**WHAT IS EXPECTED**
Look through the entries that follow and return each line that has the string "with".

------ SUPPLIED DATA ------

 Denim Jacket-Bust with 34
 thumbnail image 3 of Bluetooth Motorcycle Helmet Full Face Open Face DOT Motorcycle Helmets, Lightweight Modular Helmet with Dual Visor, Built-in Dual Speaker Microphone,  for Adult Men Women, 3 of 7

------
------ SUPPLIED DATA ------

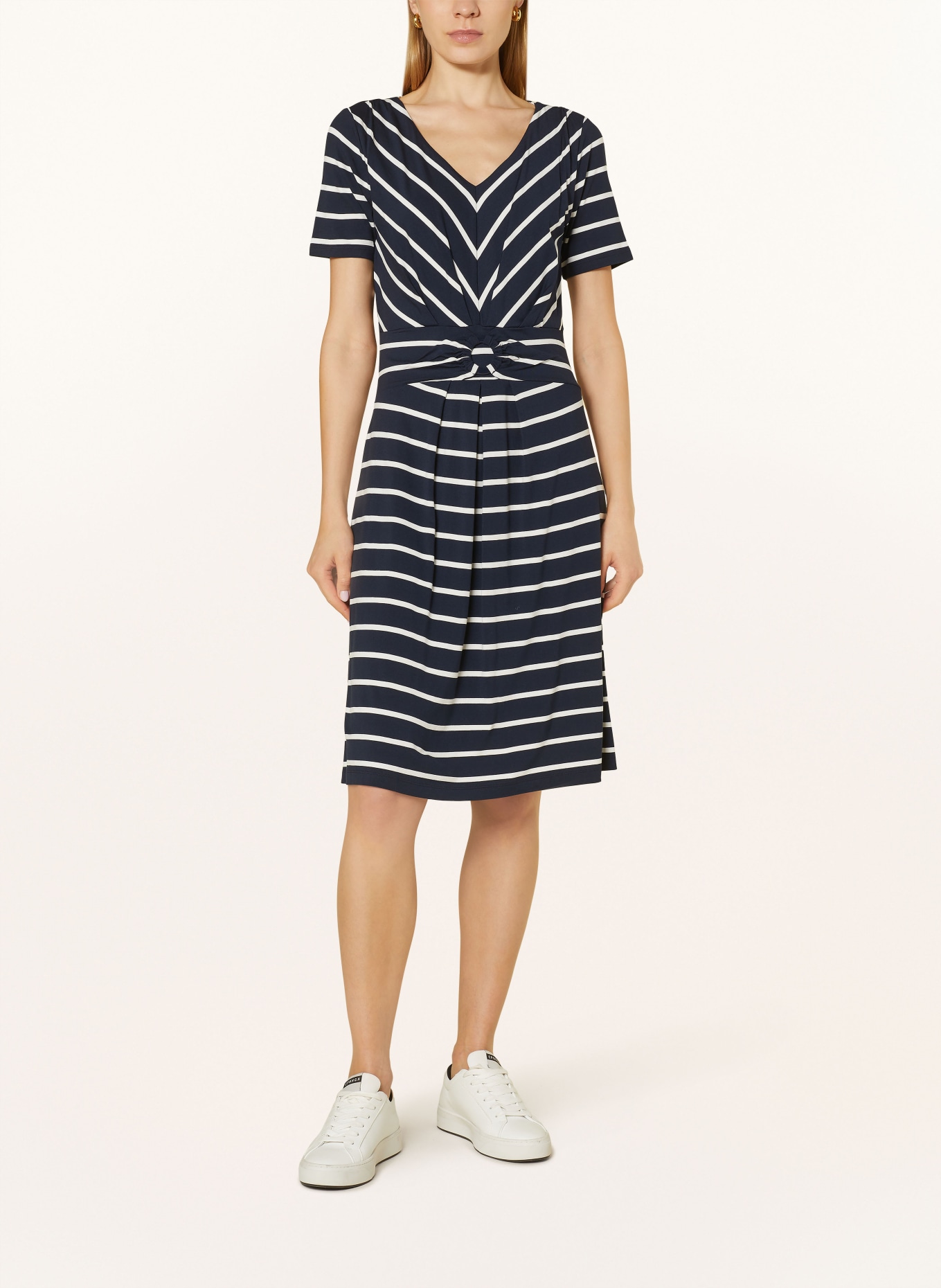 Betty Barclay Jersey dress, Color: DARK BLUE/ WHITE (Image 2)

------

**RESULT OF THE EXERCISE**
 Denim Jacket-Bust with 34
 thumbnail image 3 of Bluetooth Motorcycle Helmet Full Face Open Face DOT Motorcycle Helmets, Lightweight Modular Helmet with Dual Visor, Built-in Dual Speaker Microphone,  for Adult Men Women, 3 of 7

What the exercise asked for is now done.